So how do you become an accredited investor? Well here is my certificate from the securities and exchange commission that I got after I took the exam. Hahaha just kidding, there is no exam, no certificate and no organization that will say, right, you sir are now an accredited investor. But there are requirements you need to fulfill, basically it’s all about the money.

So in this video we are going to take a look at how rich you have to be to become an accredited investor.

So here is what the securities act of 1933 says about who is an accredited investor:

A natural person with income exceeding $200,000 in each of the two most recent years or joint income with a spouse exceeding $300,000 for those years and a reasonable expectation of the same income level in the current year.

A natural person who has an individual net worth, or joint net worth with the person’s spouse, that exceeds $1 million at the time of the purchase, excluding the value of the primary residence of such person.2

Now in the past the primary residence was included in that calculation, but after the Dodd Frank act in 2010, the primary residence was excluded. I think this probably excluded a lot of people because many people store the majority of their net worth in their primary residence.

In addition to these requirements if you work for some private fund, so called “knowledgeable employees” of that fund will be considered accredited investors in relation to that fund.

So if you qualify, how do you prove that you are indeed an accredited investor? Because like we mentioned there is no governing body that will issue you a certificate or accredited investor badge.

Well what happens is that when you inquire to a particular fund or company about investing in them, they have to give you a questionnaire which you fill out to confirm your accredited status, and you will probably have to back that up by attaching copies of financial statements, W2 if you based your status off annual income, and they may also check your credit reports to see your level of debt.
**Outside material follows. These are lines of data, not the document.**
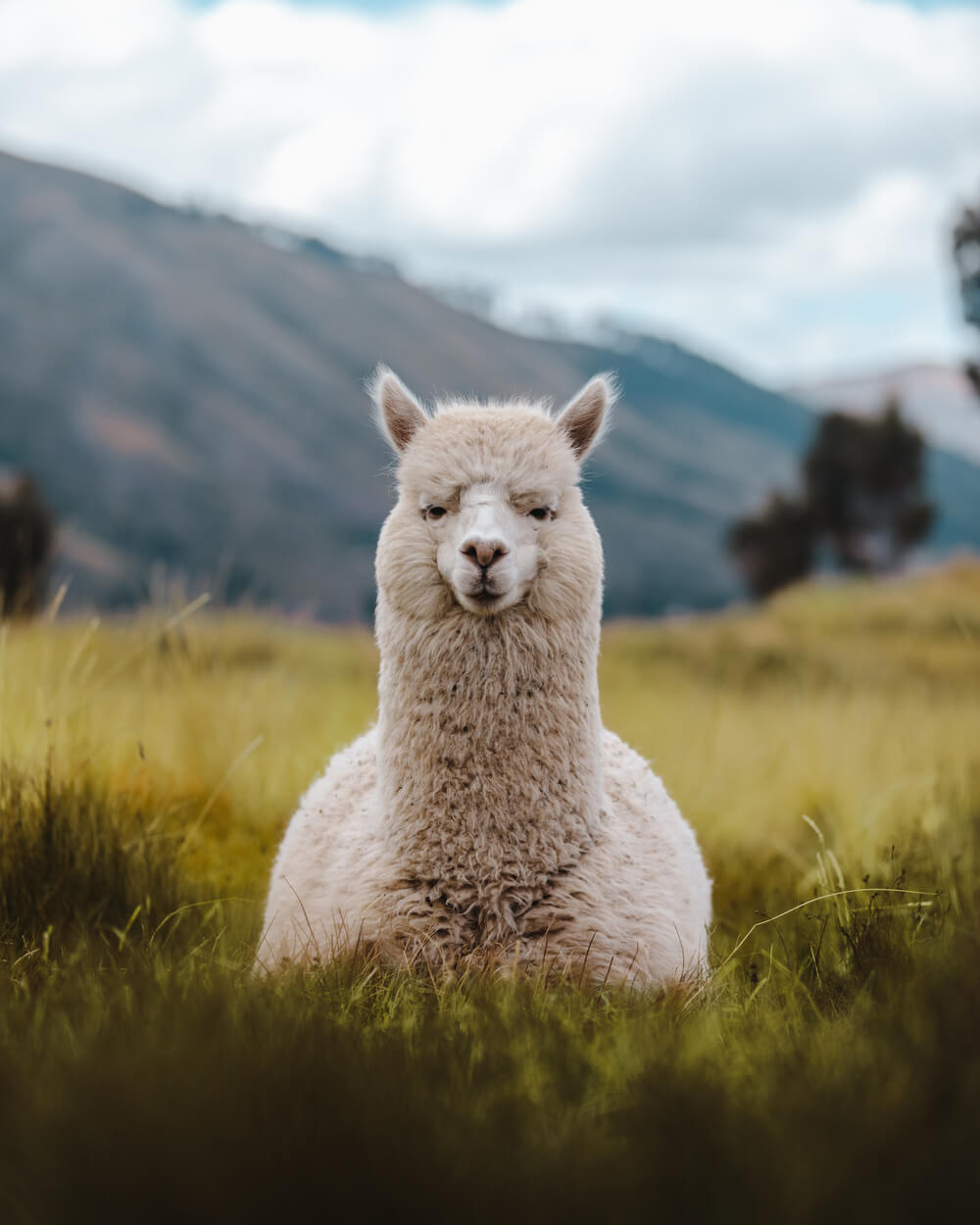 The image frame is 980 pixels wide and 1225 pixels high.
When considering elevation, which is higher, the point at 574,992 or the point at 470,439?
the point at 470,439

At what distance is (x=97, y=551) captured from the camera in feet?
402

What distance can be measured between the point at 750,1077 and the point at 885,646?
14414mm

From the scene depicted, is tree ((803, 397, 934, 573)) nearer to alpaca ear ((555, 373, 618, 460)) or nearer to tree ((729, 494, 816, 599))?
tree ((729, 494, 816, 599))

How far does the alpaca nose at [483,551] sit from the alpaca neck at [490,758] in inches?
11.8

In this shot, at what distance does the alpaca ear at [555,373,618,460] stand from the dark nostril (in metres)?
0.74

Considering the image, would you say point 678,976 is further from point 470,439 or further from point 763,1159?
point 470,439

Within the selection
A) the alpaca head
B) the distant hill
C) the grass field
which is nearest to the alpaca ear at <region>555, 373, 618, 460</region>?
the alpaca head

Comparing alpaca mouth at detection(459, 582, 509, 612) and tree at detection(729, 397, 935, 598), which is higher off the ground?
tree at detection(729, 397, 935, 598)

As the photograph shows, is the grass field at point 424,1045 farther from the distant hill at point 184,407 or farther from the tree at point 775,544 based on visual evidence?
the distant hill at point 184,407

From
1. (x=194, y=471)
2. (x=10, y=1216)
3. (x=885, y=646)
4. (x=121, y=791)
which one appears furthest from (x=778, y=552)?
(x=194, y=471)

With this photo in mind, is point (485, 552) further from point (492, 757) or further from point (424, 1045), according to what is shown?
point (424, 1045)

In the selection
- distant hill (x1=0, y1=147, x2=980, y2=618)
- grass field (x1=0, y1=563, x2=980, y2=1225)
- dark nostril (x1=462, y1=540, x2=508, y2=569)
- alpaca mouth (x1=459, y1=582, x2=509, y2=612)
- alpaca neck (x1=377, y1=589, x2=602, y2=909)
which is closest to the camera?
grass field (x1=0, y1=563, x2=980, y2=1225)

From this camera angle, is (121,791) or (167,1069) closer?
(167,1069)

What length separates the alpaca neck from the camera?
11.0 feet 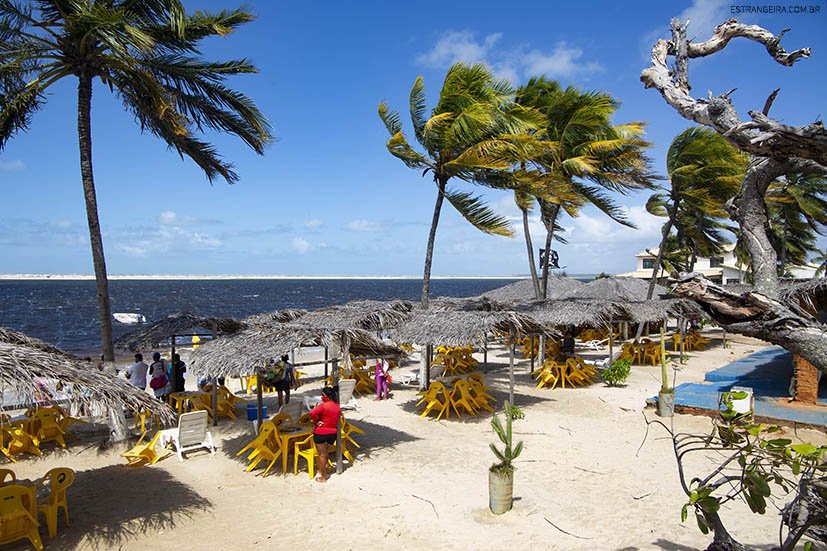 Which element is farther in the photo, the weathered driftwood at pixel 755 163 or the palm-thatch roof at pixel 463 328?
the palm-thatch roof at pixel 463 328

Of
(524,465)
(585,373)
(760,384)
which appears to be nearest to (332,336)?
(524,465)

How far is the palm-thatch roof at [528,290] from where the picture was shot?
78.5 ft

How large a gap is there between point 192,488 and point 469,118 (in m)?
9.30

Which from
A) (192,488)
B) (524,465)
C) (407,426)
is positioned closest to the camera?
(192,488)

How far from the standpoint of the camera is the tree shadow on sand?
18.1ft

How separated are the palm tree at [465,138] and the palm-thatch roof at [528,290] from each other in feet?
34.0

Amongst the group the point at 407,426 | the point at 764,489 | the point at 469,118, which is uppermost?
the point at 469,118

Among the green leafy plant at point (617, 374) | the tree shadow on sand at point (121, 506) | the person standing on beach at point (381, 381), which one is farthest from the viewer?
the green leafy plant at point (617, 374)

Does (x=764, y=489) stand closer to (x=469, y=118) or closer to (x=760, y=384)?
(x=469, y=118)

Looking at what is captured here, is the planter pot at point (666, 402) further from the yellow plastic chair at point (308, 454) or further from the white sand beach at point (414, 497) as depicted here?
the yellow plastic chair at point (308, 454)

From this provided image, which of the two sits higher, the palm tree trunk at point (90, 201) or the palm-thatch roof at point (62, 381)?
the palm tree trunk at point (90, 201)

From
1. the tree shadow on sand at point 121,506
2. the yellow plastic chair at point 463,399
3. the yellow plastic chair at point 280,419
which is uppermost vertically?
the yellow plastic chair at point 280,419

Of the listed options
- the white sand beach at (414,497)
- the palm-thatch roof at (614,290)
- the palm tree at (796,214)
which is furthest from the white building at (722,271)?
the white sand beach at (414,497)

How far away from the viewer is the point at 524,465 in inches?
Result: 302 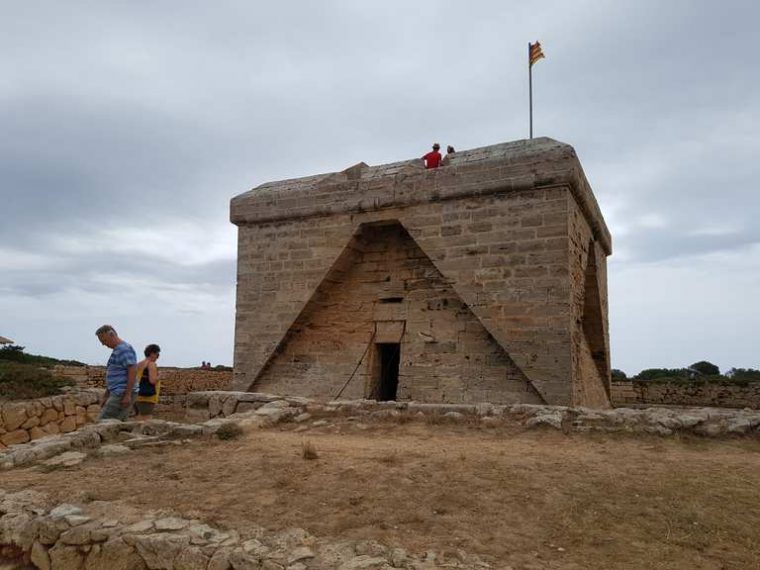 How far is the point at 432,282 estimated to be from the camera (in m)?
9.88

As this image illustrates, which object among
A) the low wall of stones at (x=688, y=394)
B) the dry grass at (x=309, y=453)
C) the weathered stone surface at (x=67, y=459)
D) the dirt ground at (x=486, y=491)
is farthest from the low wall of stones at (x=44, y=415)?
the low wall of stones at (x=688, y=394)

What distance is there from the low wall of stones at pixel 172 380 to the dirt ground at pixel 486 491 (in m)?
10.3

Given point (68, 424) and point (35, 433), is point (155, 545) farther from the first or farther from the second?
point (68, 424)

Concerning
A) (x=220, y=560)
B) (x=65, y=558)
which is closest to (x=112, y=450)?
(x=65, y=558)

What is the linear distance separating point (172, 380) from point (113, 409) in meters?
12.1

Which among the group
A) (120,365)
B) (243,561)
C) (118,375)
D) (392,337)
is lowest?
(243,561)

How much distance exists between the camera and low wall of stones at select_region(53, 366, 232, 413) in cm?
1512

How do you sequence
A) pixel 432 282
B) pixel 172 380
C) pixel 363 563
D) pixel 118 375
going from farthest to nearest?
pixel 172 380 → pixel 432 282 → pixel 118 375 → pixel 363 563

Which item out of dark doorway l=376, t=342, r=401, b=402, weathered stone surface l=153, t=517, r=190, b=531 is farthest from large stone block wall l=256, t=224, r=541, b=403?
weathered stone surface l=153, t=517, r=190, b=531

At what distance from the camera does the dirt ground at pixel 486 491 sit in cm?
310

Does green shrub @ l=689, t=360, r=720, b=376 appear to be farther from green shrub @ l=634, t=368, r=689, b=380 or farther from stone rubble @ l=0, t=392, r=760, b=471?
stone rubble @ l=0, t=392, r=760, b=471

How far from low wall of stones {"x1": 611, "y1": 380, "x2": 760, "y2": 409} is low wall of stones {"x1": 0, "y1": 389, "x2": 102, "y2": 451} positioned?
42.9ft

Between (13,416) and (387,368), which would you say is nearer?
(13,416)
So basically the status of accredited investor is available to people who have a lot of money. With the goal of protecting people who don’t have money to lose from risky investments, because remember these kinds of investments, especially investing in start ups are very risky, 9 out of 10 start ups fail. People who do this kind investing will spread their risk they might give money to 10 companies and only one takes off, but they get a 10,000% return or more. So y until that happens, you have to be ready to lose money.